Apoyándose en los planteamientos de Luján Atienza, el tercer capítulo inicia con el esclarecimiento necesario de tres nociones que a menudo suelen confundirse: autor real, autor textual y hablante lírico (juntas configuran el locus enunciativo). Fijado el marco conceptual, se sostiene que las tres instancias mencionadas poseen, en Choza, un carácter intersticial, es decir, que habitan y se desplazan en un “entre-medio” (una zona de contacto, de frontera) producido por el cruce de matrices culturales en conflicto. Cabe destacar que esta peculiaridad no es considerada un elemento adverso; todo lo contrario: permite la emergencia de estrategias destinadas a rebatir las variantes de la colonialidad occidental. Yes precisamente ?y no pese a? la capacidad de no reducir su campo de acción a un espacio específico, la que le propicia conocer la lógica de ambas culturas y adquirir una visión crítica. Para Gonzales, en ese sentido, son cuatro las expresiones que pueden ser entendidas como recursos decoloniales: 1) El testimonio y la memoria, pues, desde la narración de la experiencia personal y colectiva, se rescata el archivo histórico de su comunidad y se plantea un contradiscurso al falso “progreso” occidental; 2) la oralidad, por cuanto supone una reivindicación de las manifestaciones legítimas de la cultura andina y denuncia las arbitrariedades de la ciudad letrada; 3) la pluralidad de enunciadores, puesto que establece una intervención coral cuyo objetivo es exponer los diferentes ángulos de la dominación colonial y 4) la actitud dialógica, en tanto promueve la comunicación abierta con el otro y deconstruye la modernidad monológica.
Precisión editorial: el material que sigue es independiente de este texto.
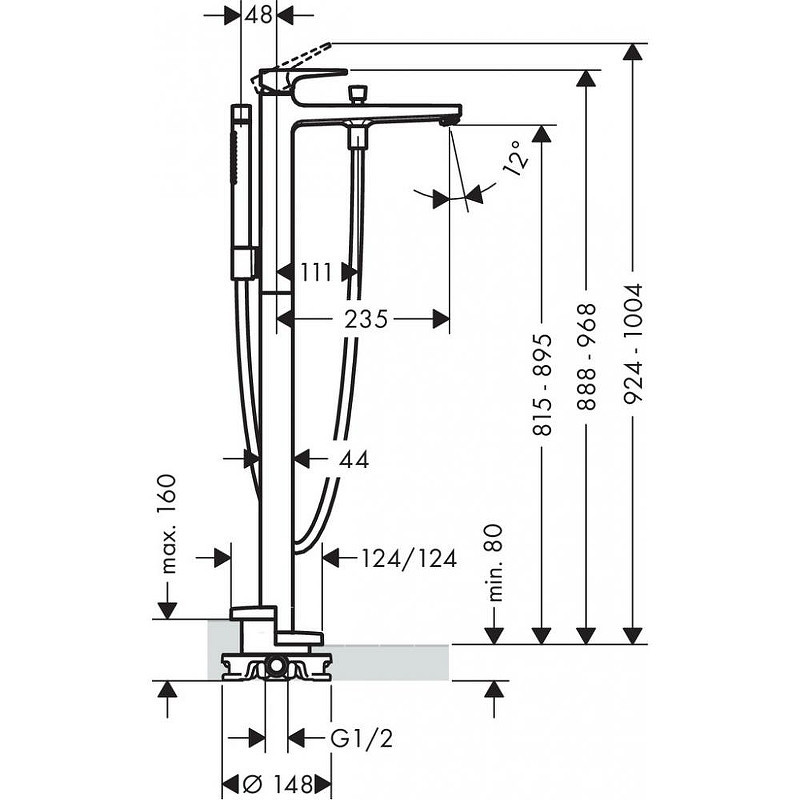 Смеситель для ванны Hansgrohe Metropol 32532700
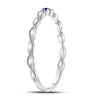 10kt White Gold Womens Round Blue Sapphire Milgrain Stackable Band Ring .01 Cttw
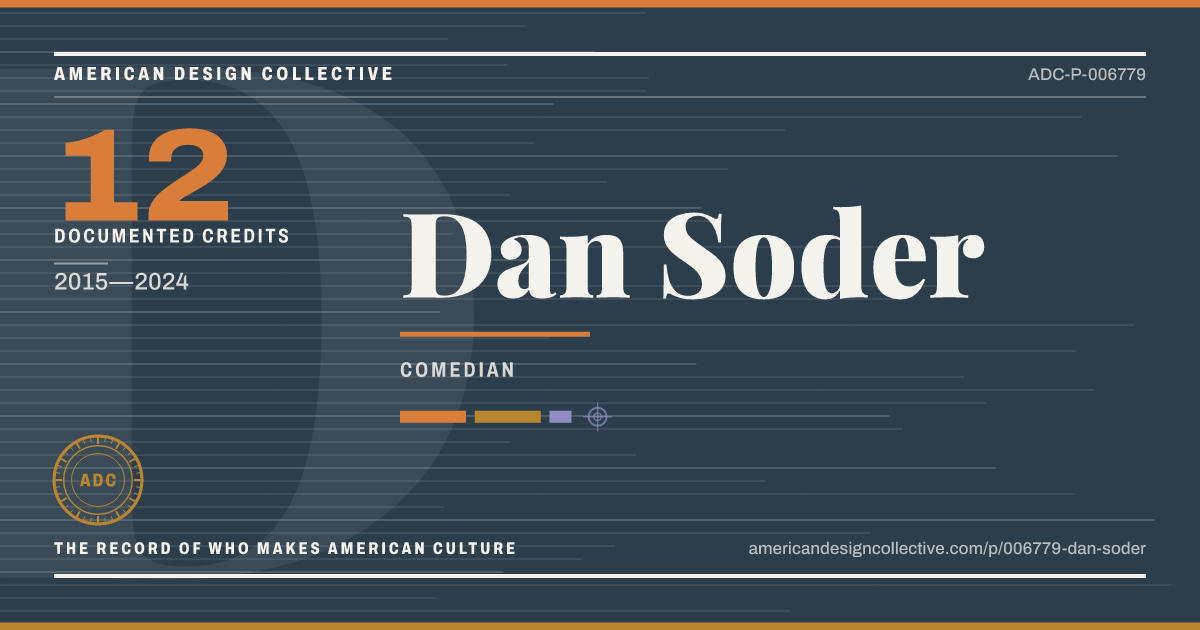Registry card for Dan Soder: the ADC seal, Dan Soder, and how much is on record.
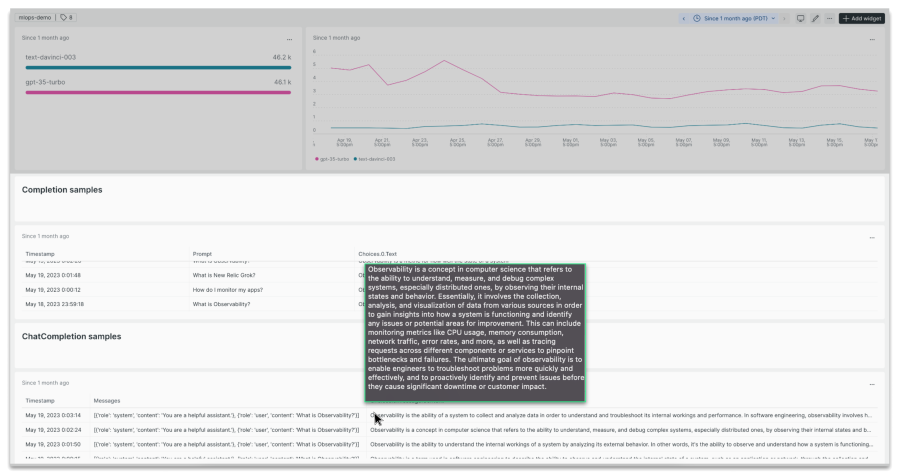 Screenshot of OpenAI Observability quickstart with prompts and completions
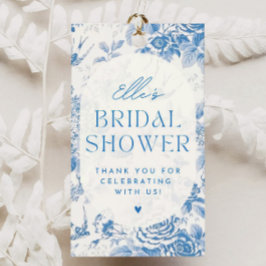 Blauw bloemig bruidsfeest cadeau bedankkaartje cadeaulabels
Para sentar las bases de la estructura ritual presente en Choza, el cuarto capítulo utiliza un concepto de la antropología simbólica: el drama social. De acuerdo con Victor Turner, este término alude a la transformación de un grupo humano que, alterado por una circunstancia problemática, atraviesa un proceso de reconfiguración a fin de instaurar nuevamente un orden concreto. Como todo cambio, aquí se presenta una serie de fases continuas: 1) ruptura de relaciones sociales, 2) crisis extendida, 3) búsqueda de soluciones para reparar la situación y 4) la superación final del conflicto. Para Gonzales, Choza escenifica este ciclo a través de un pasaje de rito, habida cuenta que el hombre andino no “pretende conocer (en el sentido teórico) el mundo, sino insertarse [simbólica y] míticamente en él” (p. 157). Por ende, se procede a analizar algunos poemas en función de esta recreación performativa. Pese a que lo más sensato sería deducir que todo está destinado a proponer un rechazo y una separación rotundas con los representantes del sistema colonial (la indignación explícita del hablante lírico así lo confirmaría), hacia el final del capítulo se arguye que lo que procura Choza es “mostrar una actitud de apertura, con el objetivo de alcanzar un trato horizontal con el occidental” (p. 187). En otras palabras, el cuestionamiento que opera en varios planos discursivos tiene como propósito central anular las jerarquías, mas no excluir radicalmente al otro.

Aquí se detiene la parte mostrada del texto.